Please output the entries that follow exactly, without a single image.

*** Opening of SUPPLIED RECORDS ***

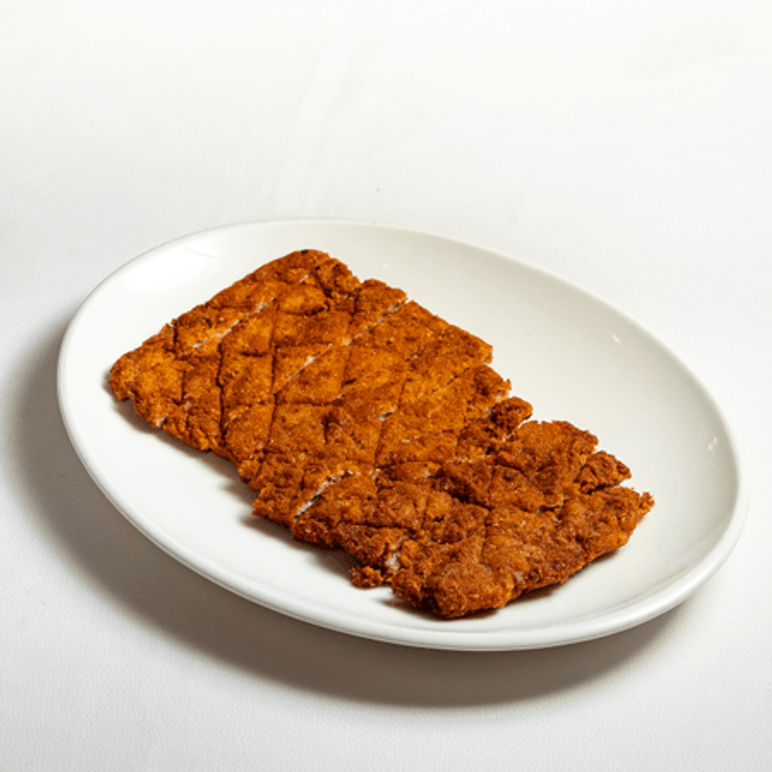 Cotoletta de pollo 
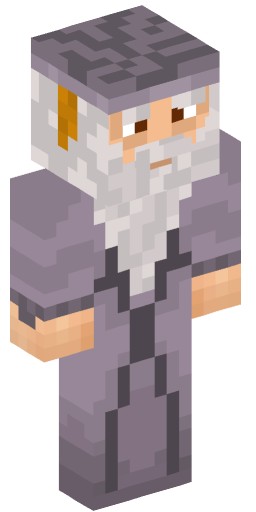 Minecraft Skin #201709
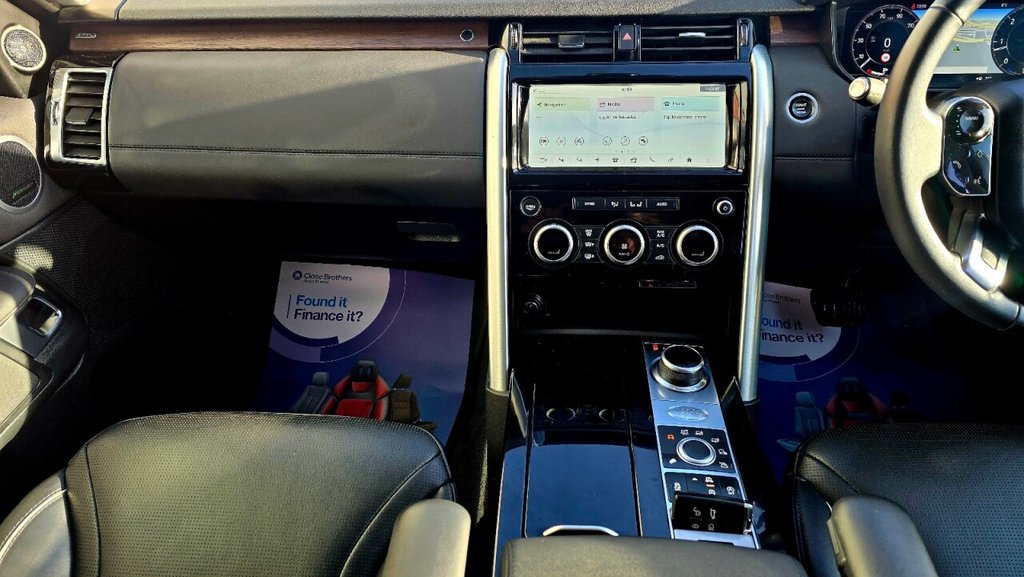 Used Land Rover Discovery 2020 for sale - 76866889: Photo 18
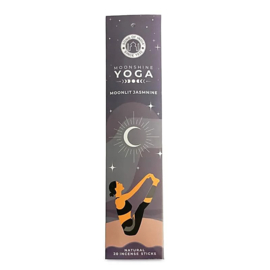 Wierook Moonshine Moonlit Jasmine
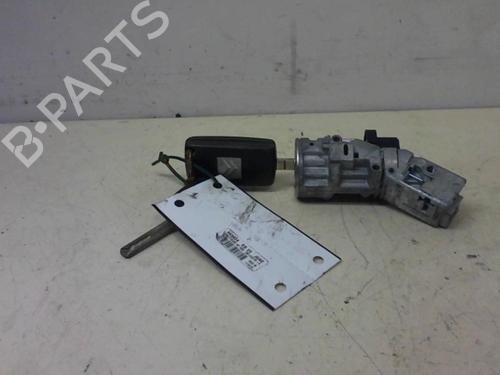 Used Ignition barrel CITROËN C2 (JM_) 1.4 HDi (68 hp) 20943515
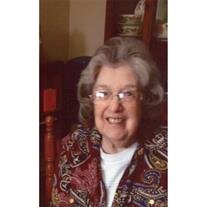 Annie Grace Seale Hamilton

*** Close of SUPPLIED RECORDS ***

ANSWER AREA.
 Cotoletta de pollo 
 Minecraft Skin #201709
 Used Land Rover Discovery 2020 for sale - 76866889: Photo 18
 Wierook Moonshine Moonlit Jasmine
 Used Ignition barrel CITROËN C2 (JM_) 1.4 HDi (68 hp) 20943515
 Annie Grace Seale Hamilton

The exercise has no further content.